PS C:\Users\kkidd> Get-Process -Name thm-service
Handles NPM(K) PM(K) WS(K) CPU(s) Id SI ProcessName
Visit the localhost on the port you found in Question #1. What is the flag? 访问您在问题 #1 中找到的端口上的 localhost。什么是旗帜?
访问即可
THM{S3rv1cs_1s_3numerat37ed}
We mentioned that DNS service is a commonly used protocol in any active directory environment and network. The attached machine provides DNS services for AD. Let’s enumerate the DNS by performing a zone transfer DNS and see if we can list all records. 我们提到,DNS服务是任何Active Directory环境和网络中常用的协议。连接的计算机为 AD 提供 DNS 服务。

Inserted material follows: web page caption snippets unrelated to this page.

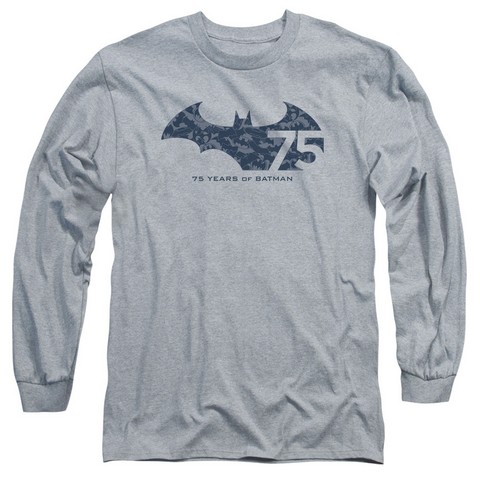 Batman-75 Year Collage - Long Sleeve Adult 18-1 Tee - Athletic Heather- Medium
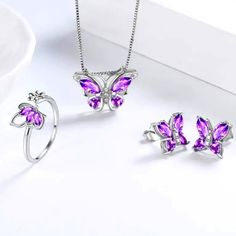 Gorgeous Purple Butterfly Jewelry Set. Includes Earrings, Necklace And Adjustable Ring. Materials : Cubic Zirconia And Alloy. Butterflies Necklace, Butterfly Jewelry Set, Silver Butterflies, Stuff To Buy, Purple Stuff, Rhinestone Jewelry Set, Amethyst Birthstone, Women's Jewelry Sets, Fashion Jewelry Sets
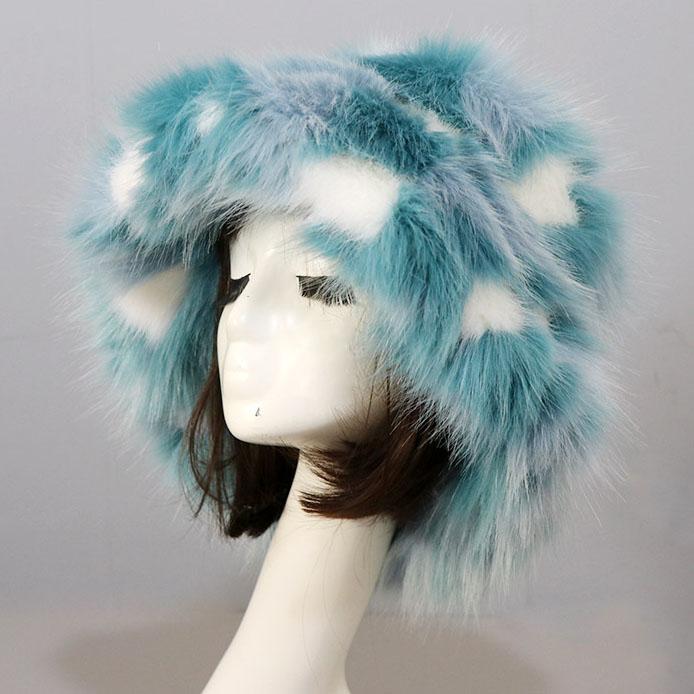 Autumn Winter New Arrival Faux Fur Tie Dye Bucket Hat for Women Fisherman Hat Keep Warm Thick Fuzzy Hat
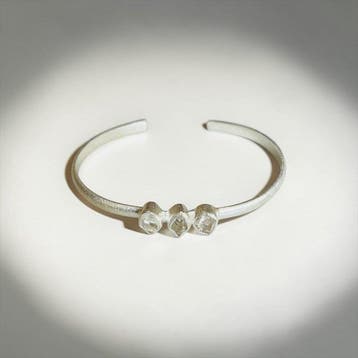 Herkimer-kwarts Zilveren armband - Hoogte: 7.5 cm - Breedte:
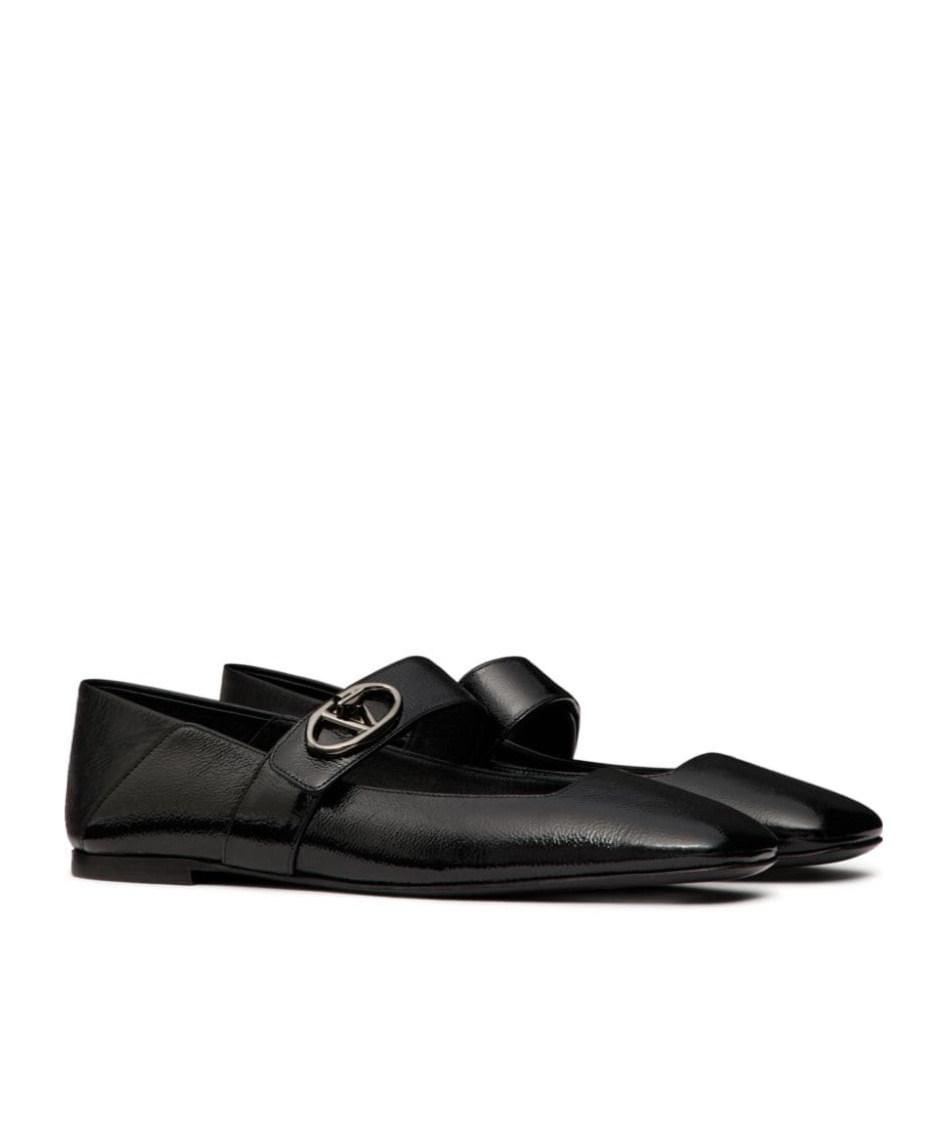 Valentino Garavani Vlogo Locker Mary-jane Ballerina In Eel With Flower Application Woman Black 37.5 In Black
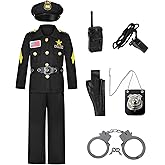 Frekuyrt Kids Police Costume Deluxe Police Officer Costume Cop Outfit Set for Boys Girls Halloween Cosplay Dress Up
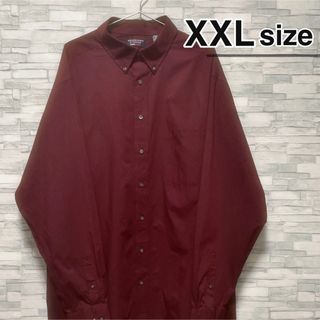 シャツ(shirts)のシャツ　長袖　ストライプ　ワインレッド　ボルドー　赤　ボタンダウン　USA古着(シャツ)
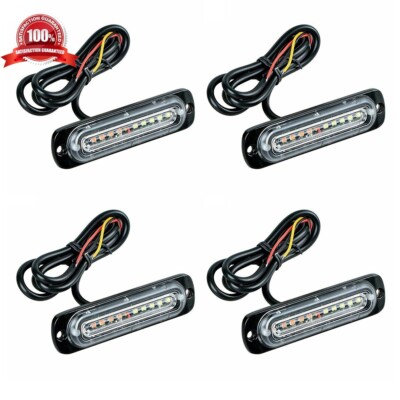 4X LED Flashing Strobe Light Grille Light Head Amber/White For Tow Truck Trailer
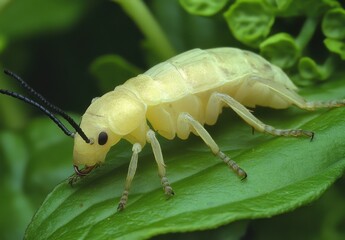 Fototapeta premium Close-up of a pale yellow insect crawling on green leaf surrounded by vibrant foliage, showcasing fine details of body structure and texture in natural habitat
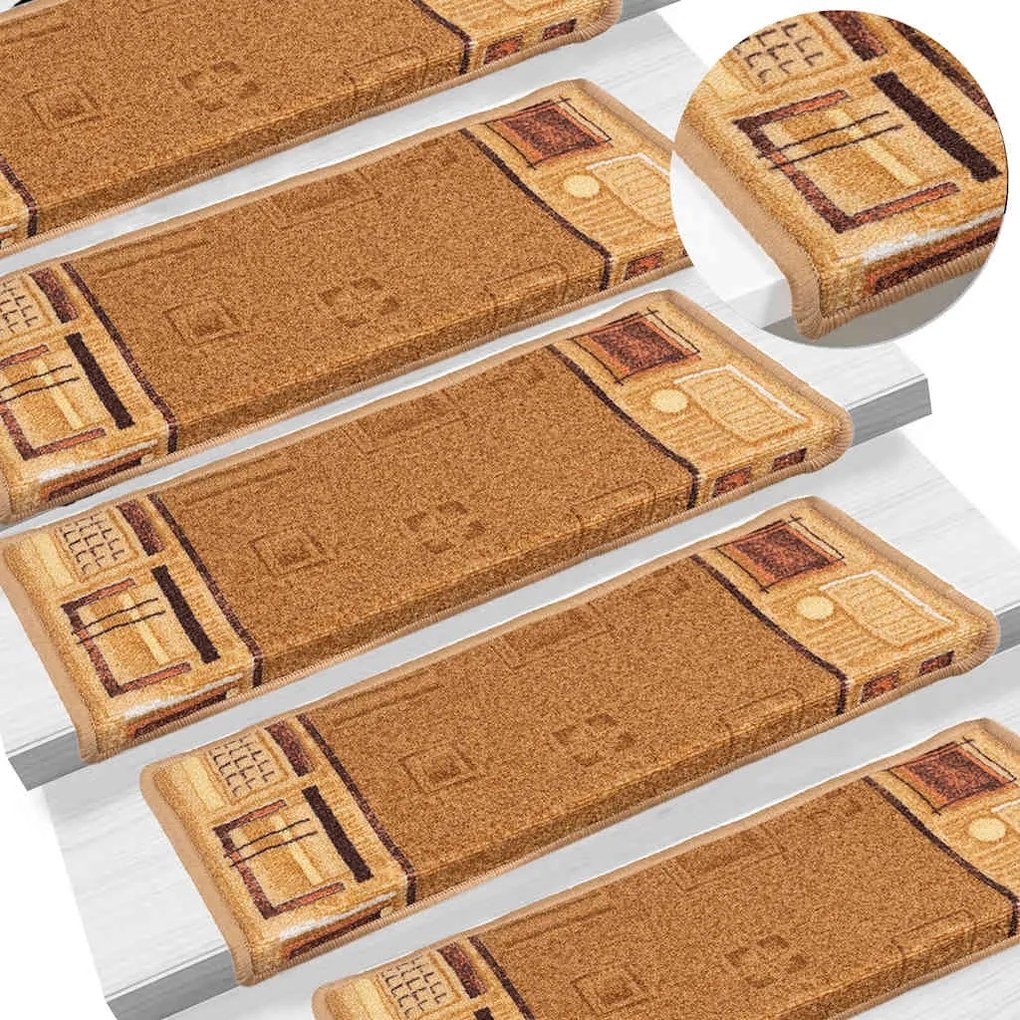 Tapetes de escada autoadesivos 15 pcs 65x21x4 cm bege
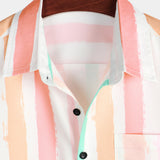 Chemise d'Été pour Homme en Coton à Rayures Verticales Roses et Blanches avec Boutons et Poche, Manches Courtes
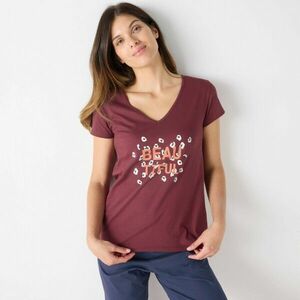 Rövid ujjú pizsamafelső gyönyörű középnyomattal kép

让我们通过执行区域传输 DNS 来枚举 DNS,看看是否可以列出所有记录。
We will perform DNS zone transfer using the Microsoft tool is nslookup.exe 我们将使用Microsoft工具执行DNS区域传输nslookup.exe.
PowerShell PowerShell的
1
PS C:\Users\thm> nslookup.exe
2
Default Server: UnKnown
3
Address: ::1
Once we execute it, we provide the DNS server that we need to ask, which in this case is the target machine 一旦我们执行它,我们就会提供我们需要询问的DNS服务器,在本例中,它是目标计算机
NSlookup NS查找
1
> server 10.10.125.185
2
Default Server: [10.10.125.185]
3
Address: 10.10.125.185
Now let’s try the DNS zone transfer on the domain we find in the AD environment. 现在,让我们尝试在AD环境中找到的域上进行DNS区域传输。
NSlookup NS查找
1
> ls -d thmredteam.com
2
[[10.10.125.185]]
3
thmredteam.com. SOA ad.thmredteam.com hostmaster.thmredteam.com. (732 900 600 86400 3600)
4
thmredteam.com. A 10.10.125.185
5
thmredteam.com. NS ad.thmredteam.com
6
***
7
ad A 10.10.125.185
The previous output is an example of successfully performing the DNS zone transfer. 前面的输出是成功执行 DNS 区域传输的示例。
Now enumerate the domain name of the domain controller, thmredteam.com, using the nslookup.exe, and perform a DNS zone transfer. What is the flag for one of the records? 现在,使用nslookup.exe枚举域控制器 thmredteam.com 的域名,并执行 DNS 区域传输。其中一条记录的标志是什么?